En revanche, la scène 3 le montre dans sa vérité:

  • il fait la cour à Elmire, la femme de son protecteur,

  • il justifie ce comportement:

    •  c'est Dieu qui a fait Elmire aussi belle,

    • il est un homme comme les autres, incapable de résister à la beauté,

    • il est discret et n'attirera pas le scandale sur elle.

On peut donc conclure qu'Orgon et Madame Pernelle se trompent et que le reste de la famille a raison de considérer Tartuffe comme un hypocrite.

6. Conclusion pour les 2 pièces

Dans ces deux pièces, Molière a choisi de laisser le spectateur juge: à lui d’évlauer le comportement des personnages; aucune vérité ne lui est imposée de l'extérieur (du moins en apparence, mais chacun sait que le personnage agit comme son auteur le veut!).

Cette façon de procéder présente de l'intérêt pour le dramaturge:

a) Il donne un rôle actif au spectateur à qui il revient de construire son image de monde et des hommes. Ce faisant, il éveille également sa curiosité et maintient l’intérêt.

b) C'est typique de la pensée libertine du XVIIe siècle: aucune vérité n'est imposée par l'auteur à son lecteur. Au contraire les faits lui sont exposés et il reste libre de penser, d'avoir un comportement critique.

7. Prolongement

A partir de ces deux pièces, on pourra déboucher sur la pensée libertine au XVIIe siècle. On se référera au citations suivantes pour amorcer le travail:

a) Tartuffe, acte I, scène 5 - réplique de Cléante

Voilà de vos pareils le discours ordinaire.

Ils veulent que chacun soit aveugle comme eux;

C'est être libertin que d'avoir de bons yeux,

Et qui n'adore pas de vaines simagrées

N'a ni respect ni foi pour les choses sacrées.

b) Dom Juan, acte I, scène 2 - réplique de Sganarelle

Osez-vous bien ainsi vous jouer du Ciel, et ne tremblez-vous point de vous moquer comme vous faites des choses les plus saintes?

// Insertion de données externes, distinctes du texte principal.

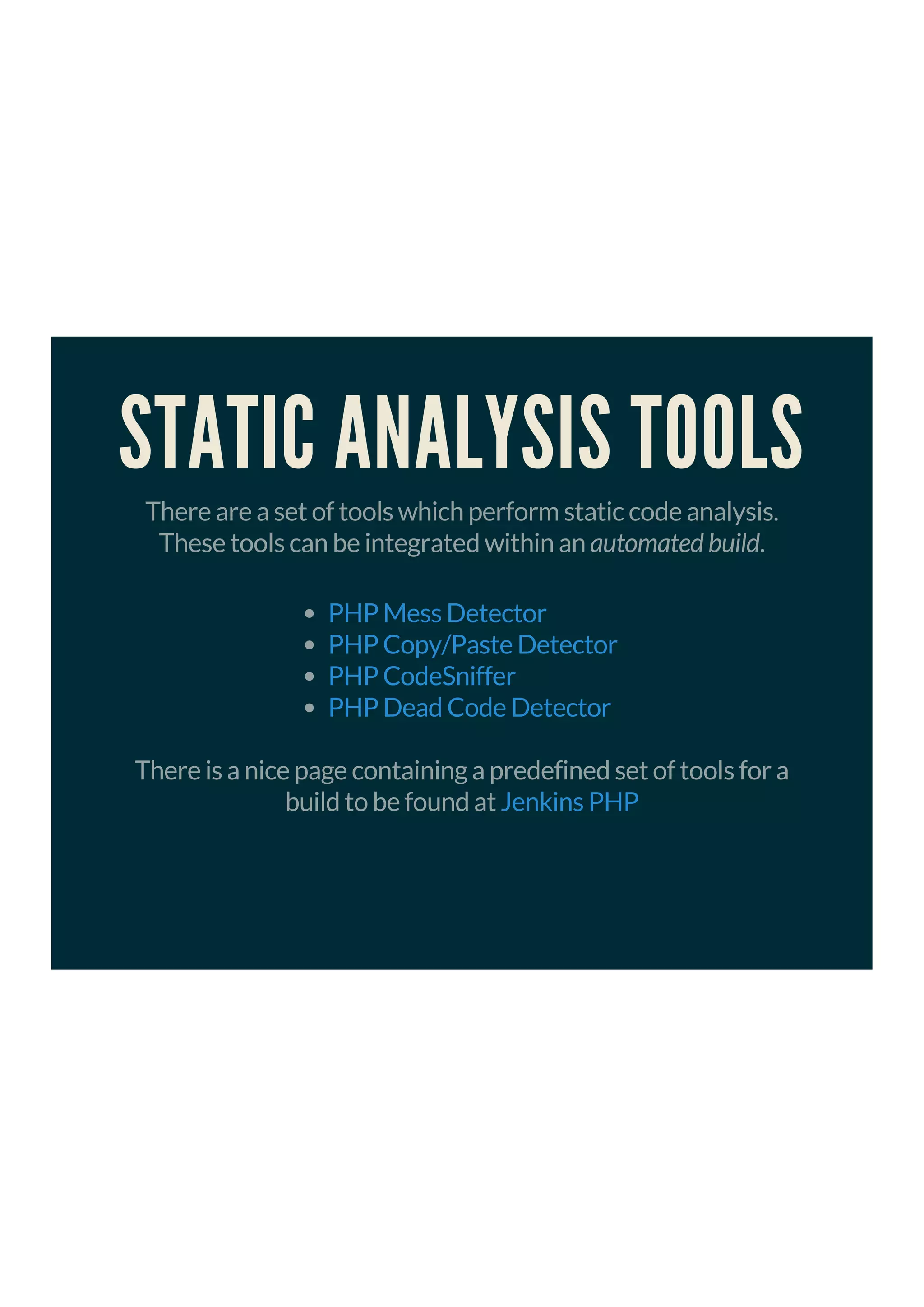 STATIC ANALYSIS TOOLS
There are a set of tools which perform static code analysis.
These tools can be integrated within an automated build.
PHP Mess Detector
PHP Copy/Paste Detector
PHP CodeSniffer
PHP Dead Code Detector
There is a nice page containing a predefined set of tools for a
build to be found at Jenkins PHP
 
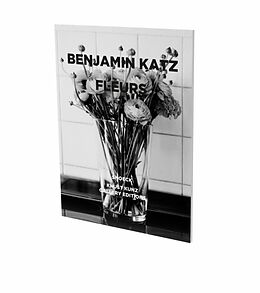 Fester Einband Benjamin Katz: Fleurs von Benjamin Katz, Eric Darragon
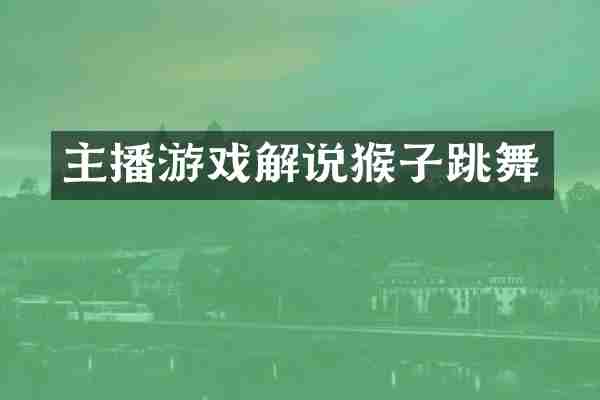 主播游戏解说猴子跳舞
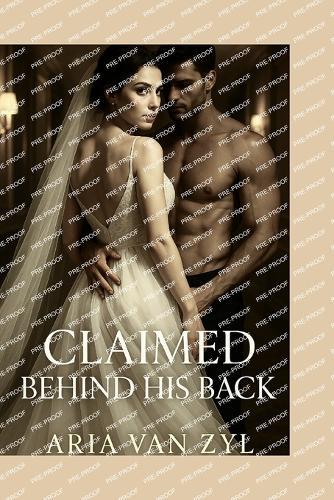 Claimed Behind His Back: A Filthy Forbidden Romance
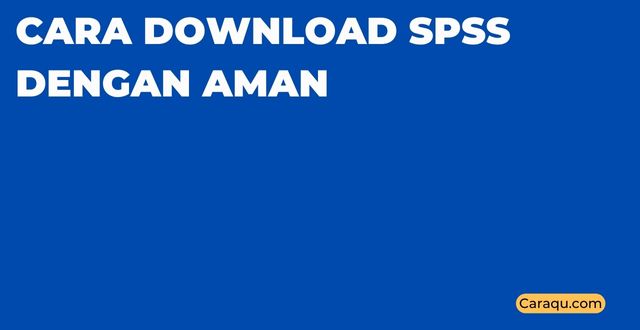 Cara Download SPSS Dengan Aman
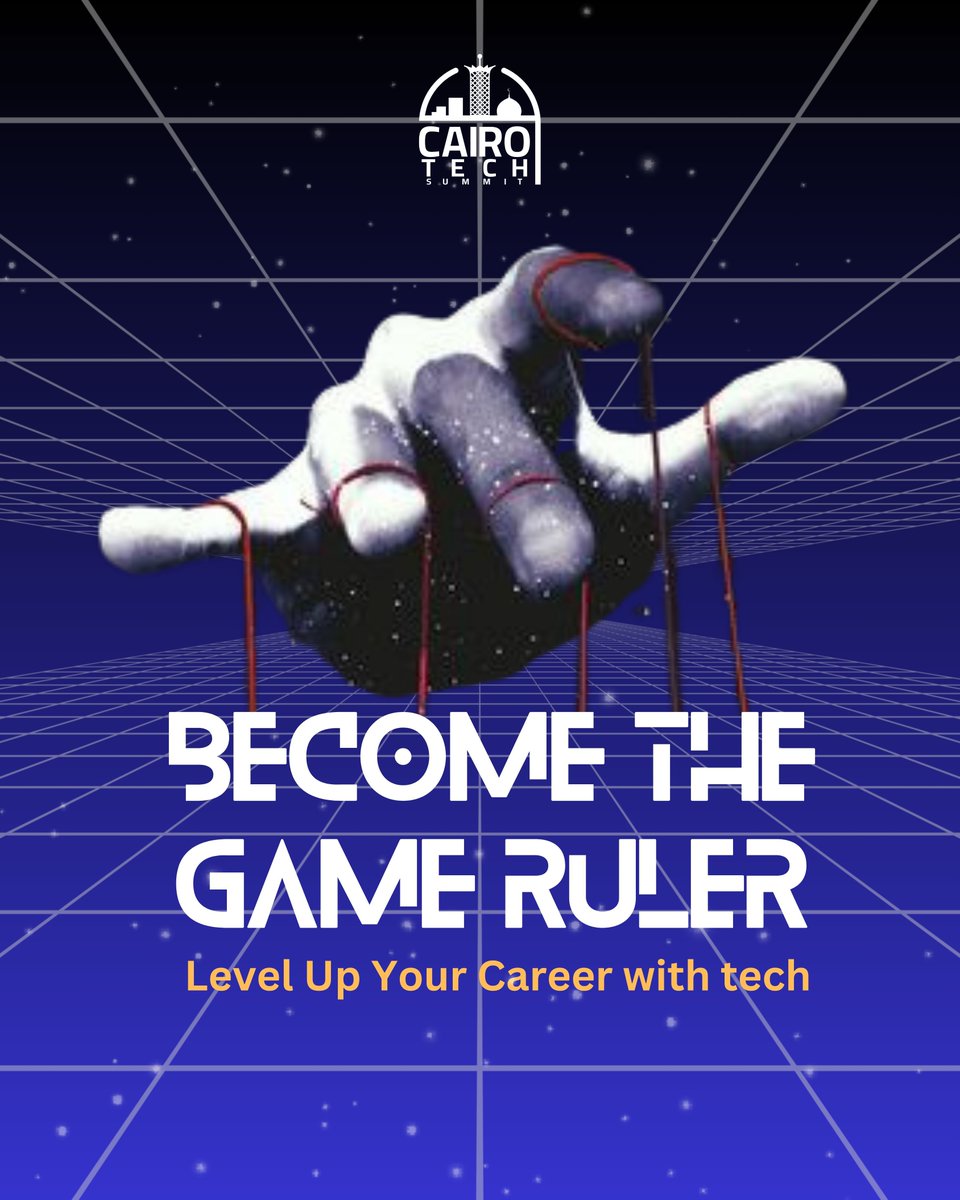 Become the Game Ruler with Tech! 🚀🌐
In the game of professional success, technology is your most powerful ally! 🌟🔧  
Upgrade Your Skill Set

 #TechGameChanger #CairoTechSummit #InnovateToElevate #techsuiteverythinh #CTS24 #AI #artificialintelligence #techsummit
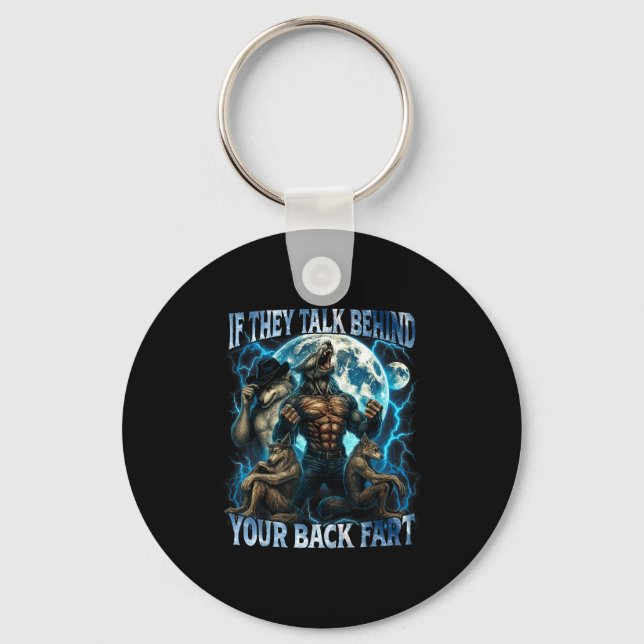 If They Talk Behind Your Back Fart Funny Cringe Al Key Ring (Front)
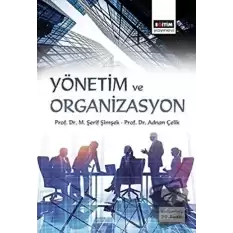 Yönetim ve Organizasyon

C'est bien à vous, petit ver de terre (...) petit mirmidon que vous êtes (...), c'est bien à vous à vouloir vous mêler de tourner en raillerie ce que tous les hommes révèrent?

Manifestement, ce que, selon Molière, on reproche aux libertins, c'est de ne pas manifester les signes extérieurs de la foi ainsi que le font "tous les hommes".

On vérifiera cette vision et on recherchera les idées qui fondent la pensée libertine en lisant des extraits de La Mothe Le Vayer, Gassendi et Cyrano de Bergerac (peut-être le plus accessible pour des élèves).